There are 3 types of stress. Physical stress, mental stress and emotional stress. All 3 types of stress have the ability to alter your hormones and ability to maintain a healthy weight.

Examples of Physical Stress Include:

– Fasting 

– High intensity exercise 

– Cold plunging

– Low nutrient diet, restrictive dieting (e.g. keto diet, vegan diet)

– Poor sleep

– Gut health issues

– Chronic pain and inflammation

– Chronic illness

While some of these physical stressors can be helpful (e.g. fasting, cold plunging) for many chronically stressed women, these habits can cause more harm than good. It is important to build resilience and regulate your nervous system first. Once regulated, you may choose to engage in these behaviours if desired. 
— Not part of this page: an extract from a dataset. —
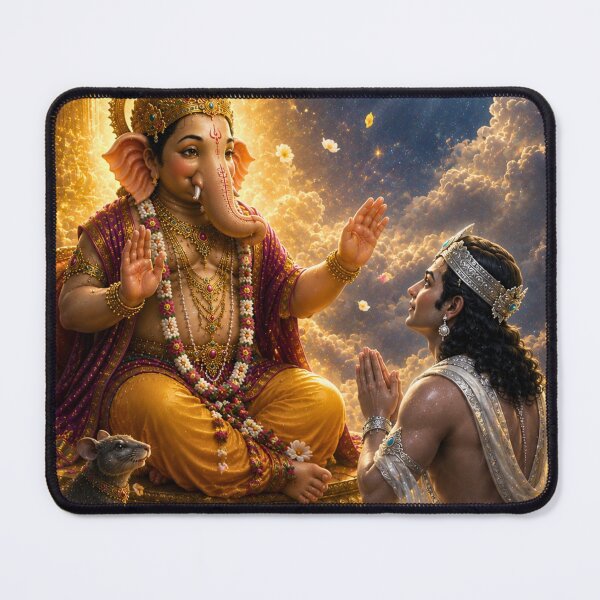 Item preview, The Blessing of Mercy – Lord Ganesha Forgives Chandra Deva | Hindu Mythology Art Print designed and sold by Homyar.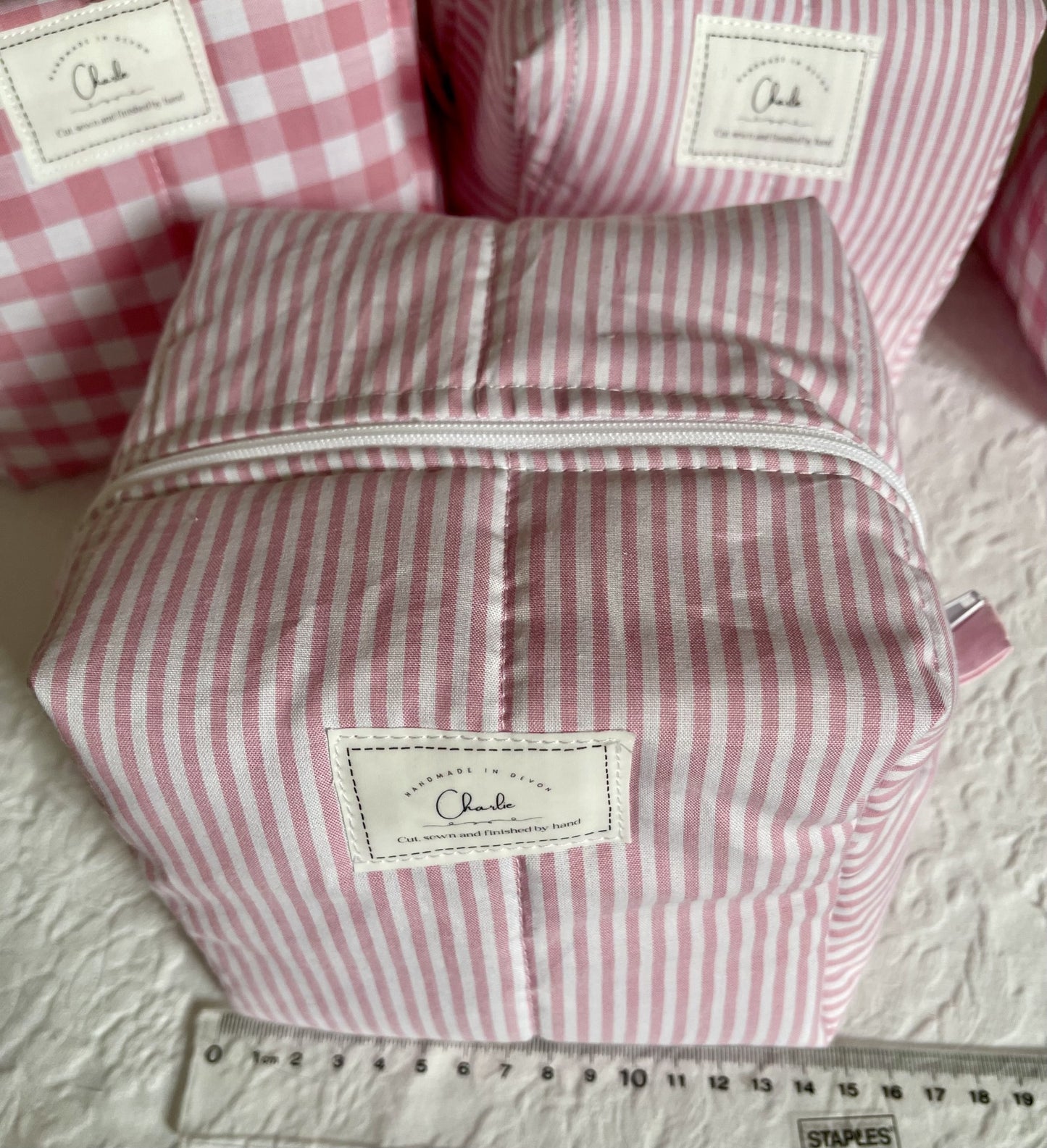 Handmade Quilted Cosmetic Bag Size Medium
Examples of Mental Stress Include:

– Work pressures

– Study

– Rumination, replaying unpleasant events

– Constantly juggling a mental to-do list

– Caring full time for a loved one

Examples of Emotional Stress Include

– Grief

– Suppressed negative emotions like anger or sadness

– Fear or constant worry

How Stress Affects Eating Habits

In addition to directly impacting our health, hormones and fat storage, stress can also influence our eating habits. 

Emotional eating, binge eating and seeking food for comfort or as a reward are common behaviours that develop in response to chronic stress. 

Stress can disrupt the hunger hormones leptin and ghrelin, leading to increased appetite and cravings for unhealthy, high-calorie foods.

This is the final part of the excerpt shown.